Rave: There are pretty much two well-known/regarded art critics left and one of them (who also happens to be particularly cranky about PR solicitation) has suddenly started opening all of our press emails in the past two months, which coincides with when I started writing the press releases in addition to distributing them. Before that, he hadn't opened one from us in two years and now he's reading the press releases, going to our website to read the interviews I do with our artists, checking out our social media stuff. I don't know what got him to start but I'm FULLY taking credit for it, and knowing that someone I've admired for years is not only reading my writing but liking it enough to keep an eye out for news from us to read more of it has been making me giddy all day. If it leads to a review from him I'm going to be so pumped. That would be a major win for me.
Ravt: I just watched my 14-month-old take an inch and a half of banana down her throat like it was nothing. It was a distressing and yet pride-filled look into the future.
Rant: I've got to figure out how to deal with the ridiculously thick calluses I get on my big toes; I just took a pair of scissors and actually cut chunks of skin off the bottom of my toe.
Rave: Several months ago I met a cute girl at a networking thing. We've had lunch a few times and then grabbed dinner. All the while it was a "Well, we're definitely at least going to be good friends, but more would be awesome." Looks like it's going to be more. Great night of food, seeing Deadpool, and then making out like teenagers for awhile.

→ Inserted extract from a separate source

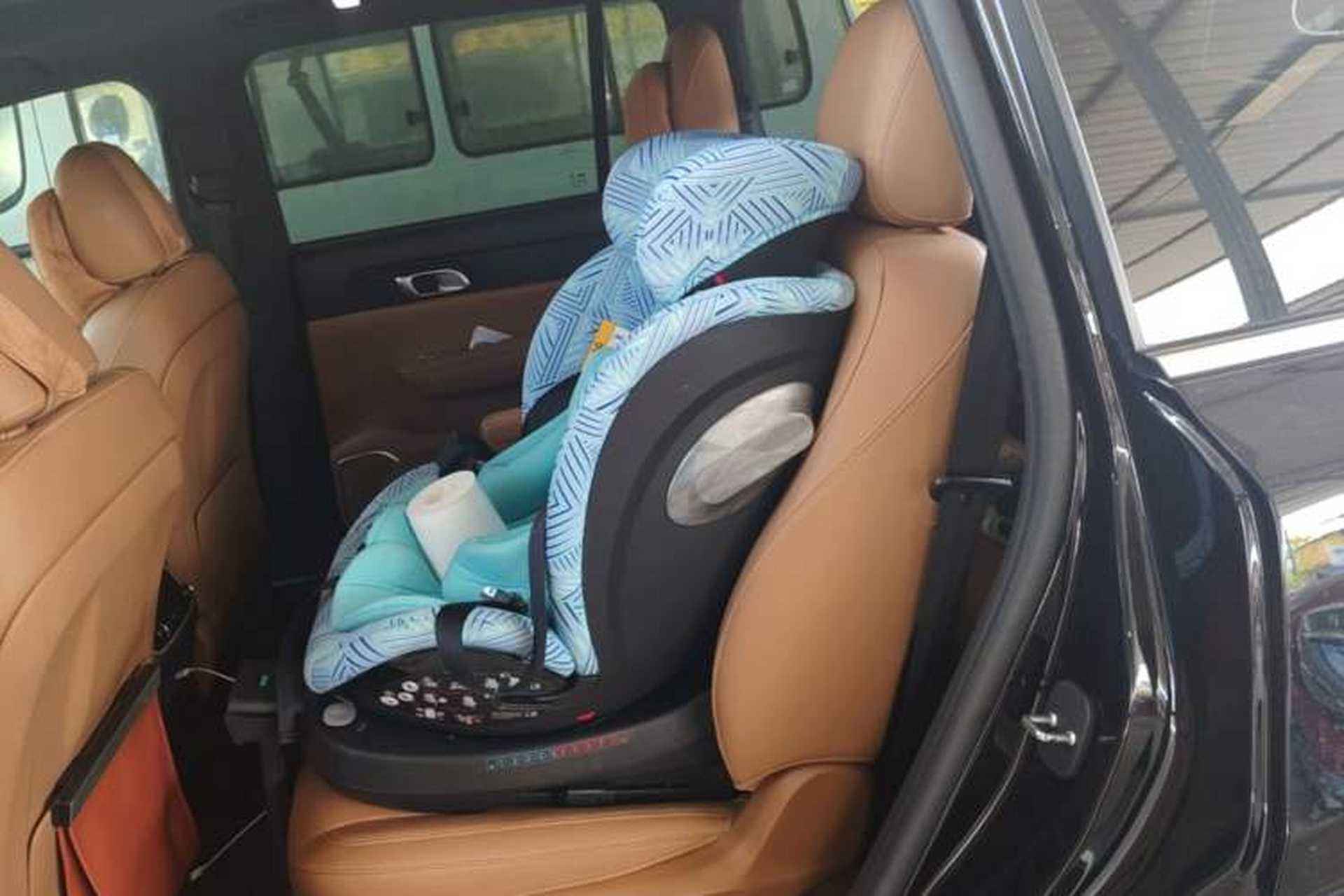 Used Li Auto ONE 2021 Extended-Range 6-Seater Version Left Rear Seat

Rant: My parents' neighborhood that they've lived in for almost 40 years is going to hell. There are petty thefts, a couple down the street had their truck stolen out of their driveway, and there was a murder/suicide a month or two back. My parents had stuff stolen awhile back and had to put up cameras. My mom hand made a tire swing, even painted the damned thing shiny apple red, and the crackheads next door who were being foreclosed on took it along with all the other shit they were ripping out of the house before the bank could get there. In her own words.... "I'm so mad I could chew on a nail." When are they going to be ok with the idea of moving?
Rave: The smell of freshly split apple and cherry logs. The only thing that will smell better is when they're used in a few months to smoke some delicious meats.
Rant: I got a random slap on the ass yesterday. Not a subtle pat either - like a moderately decent slap. That's not a terrible thing, normally I'd be pretty flattered, but it came from a 60 some year old lesbian that I'm distantly related to. And it happened in a church. As we got up to leave a funeral. Rave: That pink pencil skirt apparently looks pretty damn good. Gotta wear that more.
Rave: Getting out of teaching after May and will turn in my resignation on Monday. I'll be back in school for a few years, but the future is looking up!